─── Data shown ───

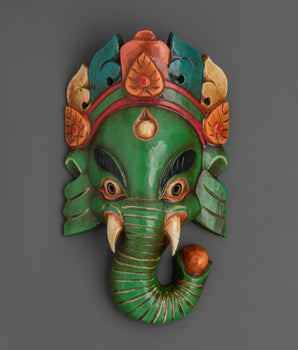 Wooden Ganesh mask wall hanging 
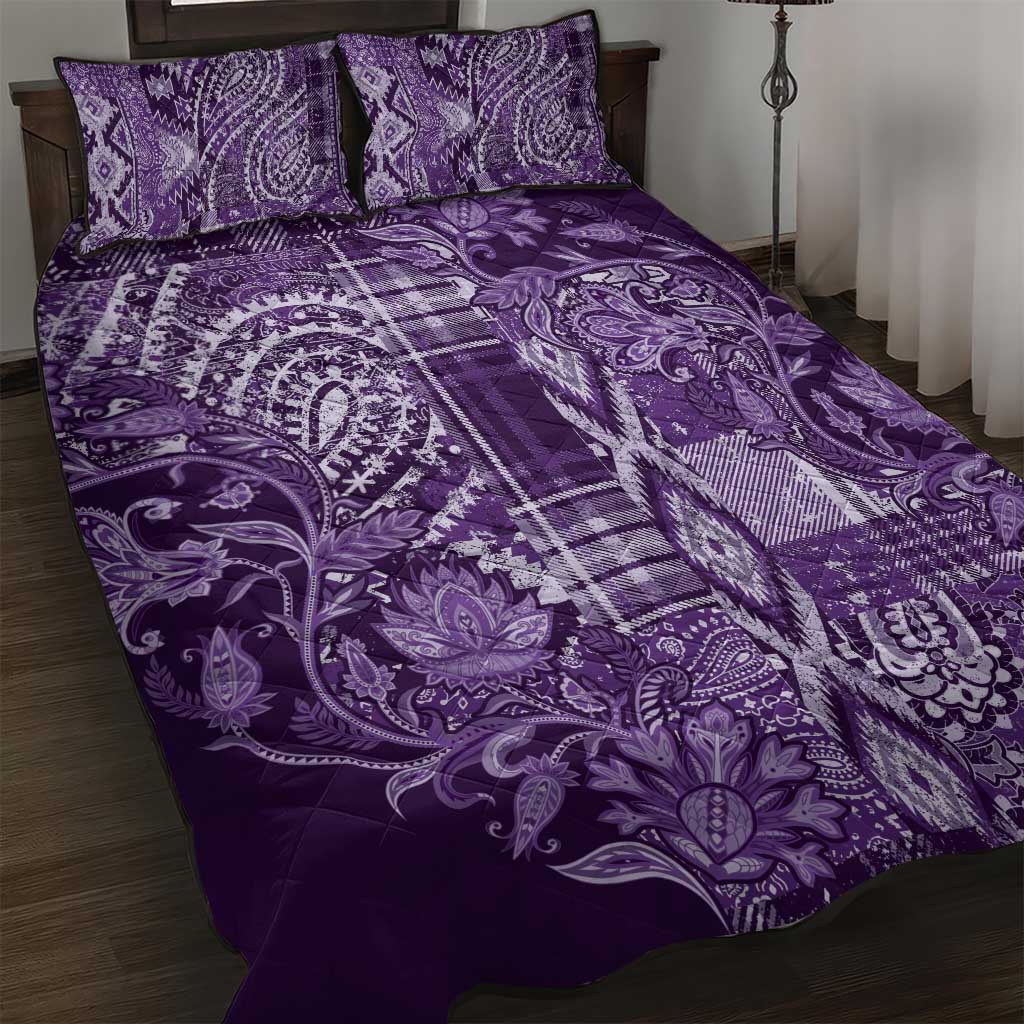 Afro Floral mix Maasai Shuka Quilt Bed Set Purple Moitf LT9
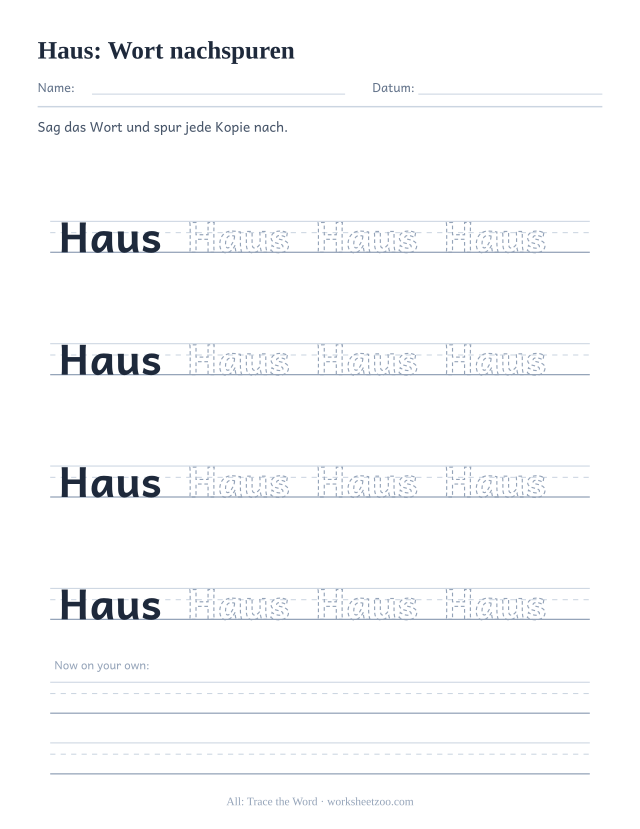 Vorschau: häufiges Wort „Haus“, Wort nachspuren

───

Take the listing above and retype it exactly. Its pictures are to be omitted.

 Wooden Ganesh mask wall hanging 
 Afro Floral mix Maasai Shuka Quilt Bed Set Purple Moitf LT9
 Vorschau: häufiges Wort „Haus“, Wort nachspuren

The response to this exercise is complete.